§ **Goal of the exercise**
Output the run of lines that opens with the first line of the material below and closes with the line containing "POLYWOOD® Club Mission", both included, and drop the pictures.
□ □ □ □ □
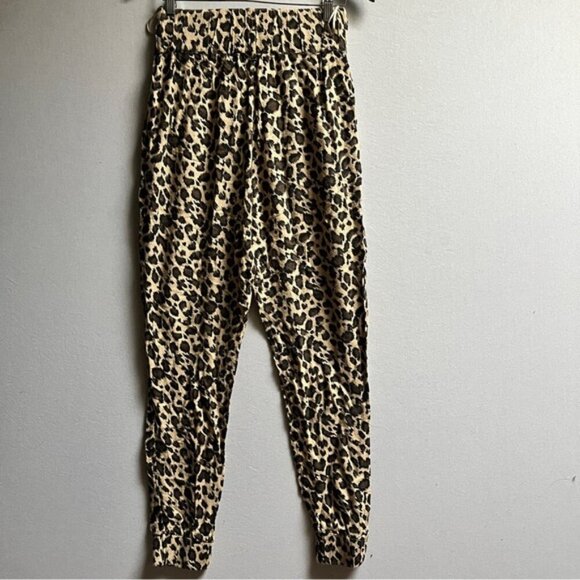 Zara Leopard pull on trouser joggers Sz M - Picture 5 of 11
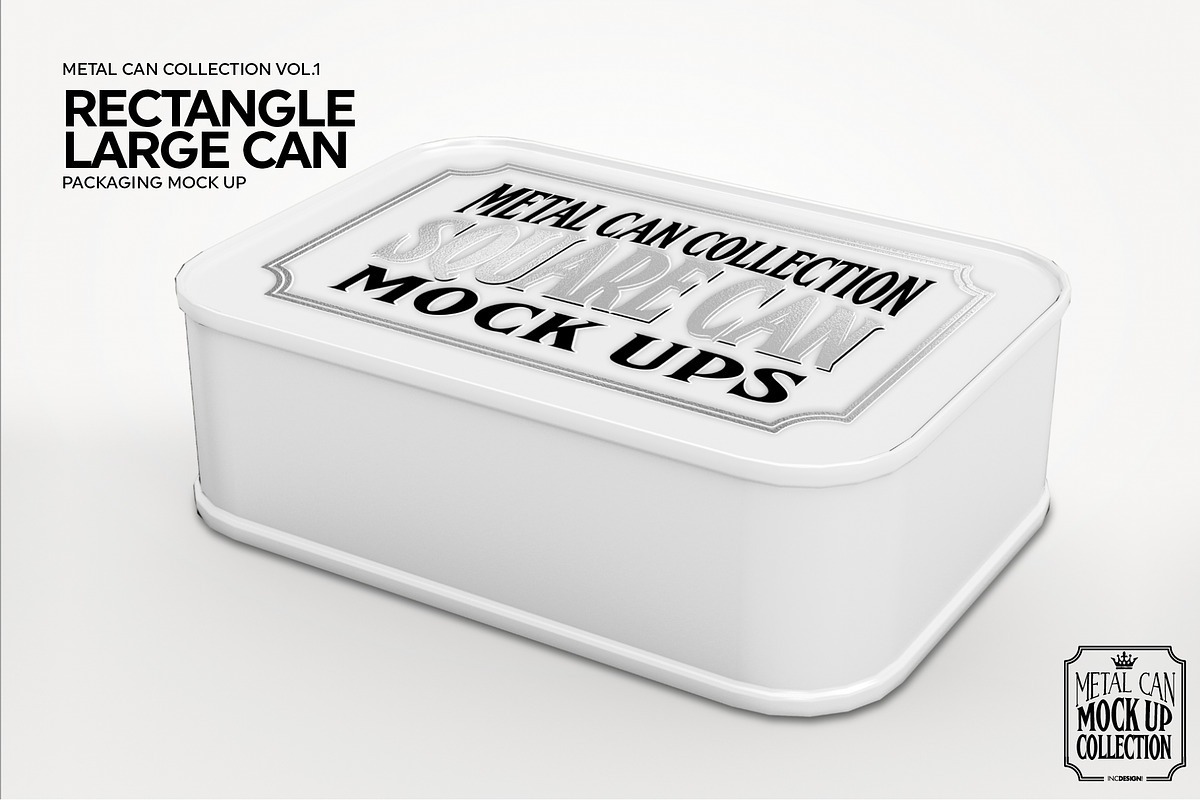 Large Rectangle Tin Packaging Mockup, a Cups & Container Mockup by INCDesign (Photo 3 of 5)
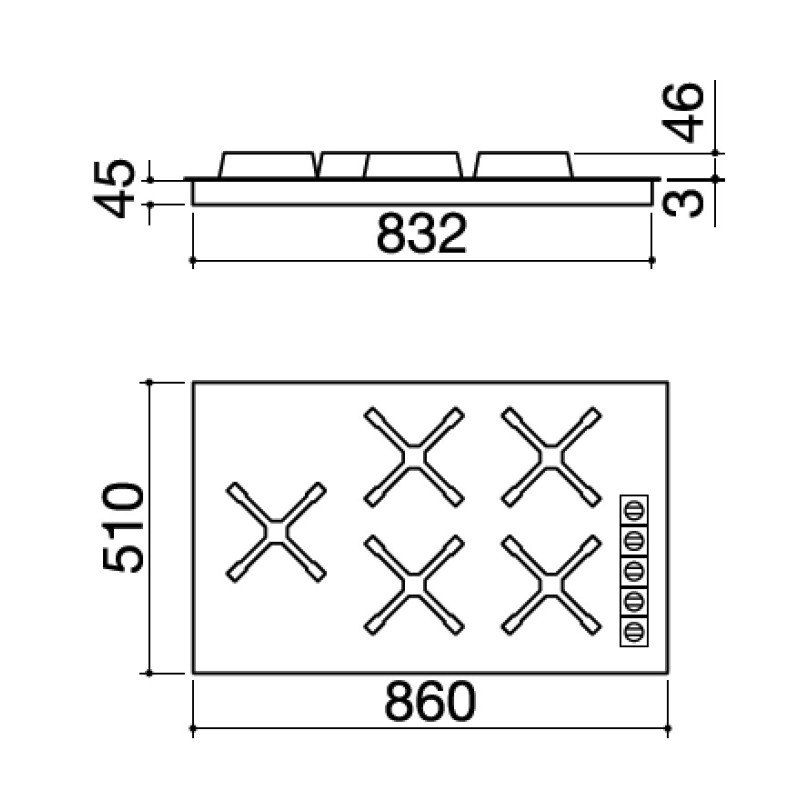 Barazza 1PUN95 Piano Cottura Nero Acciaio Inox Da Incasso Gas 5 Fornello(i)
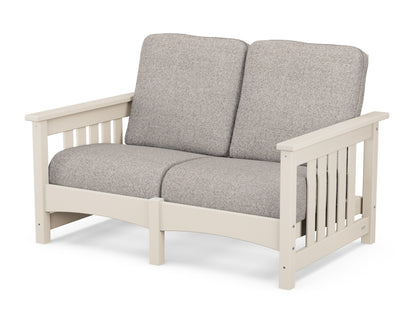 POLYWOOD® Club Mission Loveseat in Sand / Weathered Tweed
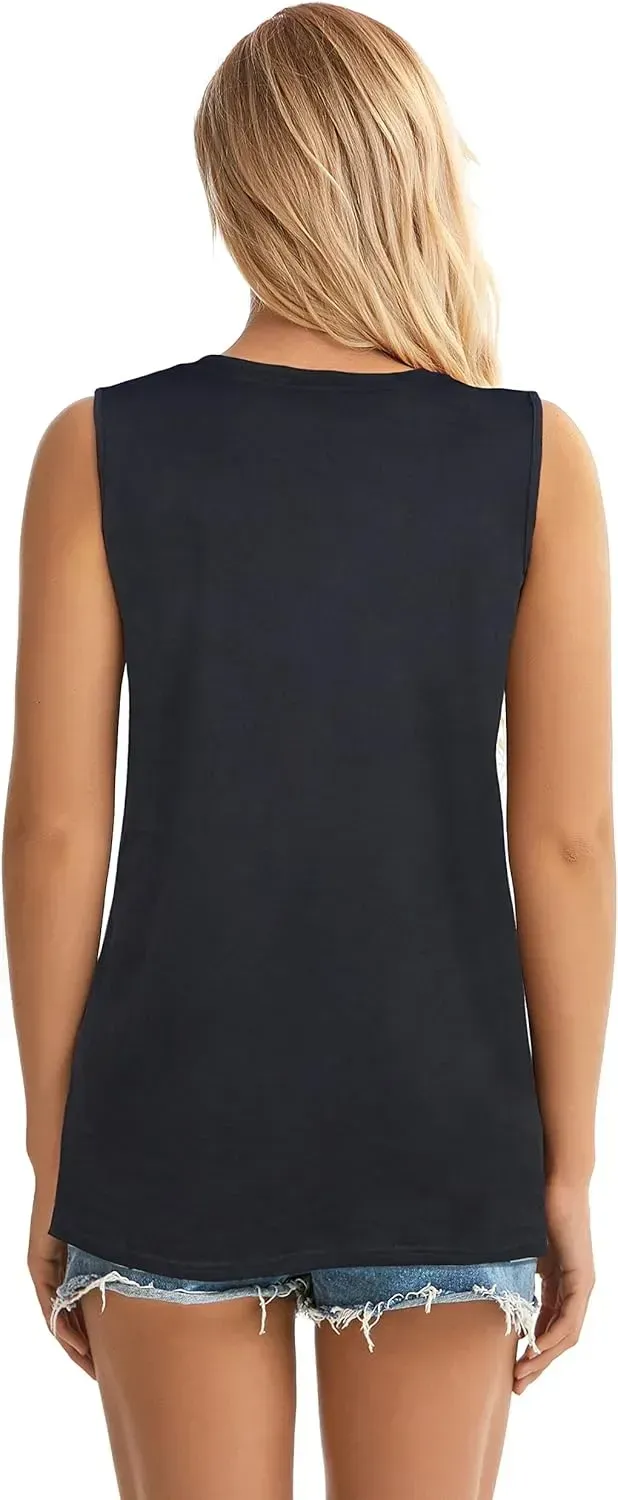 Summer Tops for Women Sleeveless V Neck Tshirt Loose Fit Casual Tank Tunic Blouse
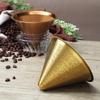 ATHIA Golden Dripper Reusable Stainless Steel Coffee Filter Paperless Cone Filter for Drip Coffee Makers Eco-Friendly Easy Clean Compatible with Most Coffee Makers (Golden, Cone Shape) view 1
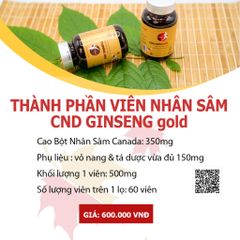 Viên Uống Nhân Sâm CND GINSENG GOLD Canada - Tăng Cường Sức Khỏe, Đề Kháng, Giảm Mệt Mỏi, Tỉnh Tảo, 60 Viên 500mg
□ □ □ □ □
§ **Exercise answer**
 Zara Leopard pull on trouser joggers Sz M - Picture 5 of 11
 Large Rectangle Tin Packaging Mockup, a Cups & Container Mockup by INCDesign (Photo 3 of 5)
 Barazza 1PUN95 Piano Cottura Nero Acciaio Inox Da Incasso Gas 5 Fornello(i)
 POLYWOOD® Club Mission Loveseat in Sand / Weathered Tweed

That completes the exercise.